Gekühlt oder gefroren? – Lagerung von mRNA-Impfstoffen
Deutschland bereitet sich bereits auf Impfungen gegen den SARS-CoV-2-Erreger vor. Laut einer nationalen Impfstrategie werden Coronavirus-Impfungen nicht beim Hausarzt, sondern in sogenannten Impfzentren durchgeführt. Die Bundesregierung plant gemeinsam mit den Bundesländern flächendeckend den Aufbau solcher Zentren. Mit ein Grund für dieses Vorgehen dürften die teils aufwendigen Transport- und Lagerbedingungen der einzelnen mRNA-Vakzine sein.
Impfstoff von Biontech und Pfizer: -70 °C erforderlich
Am 9. November kam die gute Nachricht: Die Firmen Biontech und Pfizer präsentierten als erste überhaupt Daten der Phase-III-Studien, ihr mRNA-Impfstoff schützt in 90 % der Fälle vor einer Erkrankung – laut neueren Zahlen ist die Wirksamkeit sogar noch etwas höher.
Zur Erinnerung: Wie funktionieren mRNA-Impfstoffe?

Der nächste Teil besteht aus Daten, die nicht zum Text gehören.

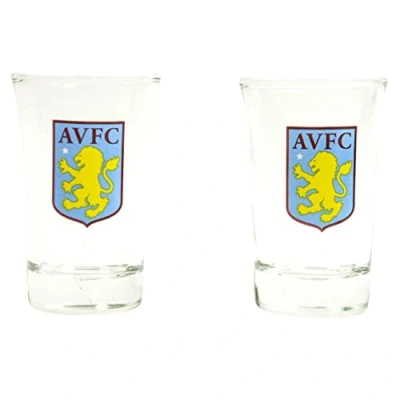 Image of Aston Villa FC Two Pack Shot Glasses, Multicoloured, Single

Die bisher bekannten Impfstoffe enthalten abgetötete oder abgeschwächte Erreger oder Bestandteile von ihnen. Bei diesen Bestandteilen handelt es sich um körperfremde Proteine, die zuvor in Zellkulturen oder Hühnereiern vermehrt werden. Bei der Entwicklung der innovativen mRNA-Impfstoffe gegen COVID-19 spielt die Gentechnik eine zentrale Rolle. Denn diese Impfstoffe enthalten Teile der Erbinformation des neuartigen Coronavirus in Form von mRNA (messenger-Ribonucleinsäure). mRNA bildet der Körper normalerweise aus Abschriften bestimmter DNA-Abschnitte aus dem Zellkern zur Bildung von Proteinen durch Ribosomen im Zytoplasma. Beim Impfen wird die „fremde“ mRNA eingehüllt in schützende Substanzen gespritzt und von einigen Körperzellen aufgenommen. Diese Zellen bilden daraus dann selbst ungefährliche Proteine des Virus, sogenannte Antigene, die dann das menschliche Immunsystem aktivieren. Nach einiger Zeit wird die mRNA vom Körper wieder abgebaut, die Impfantwort bleibt aber erhalten.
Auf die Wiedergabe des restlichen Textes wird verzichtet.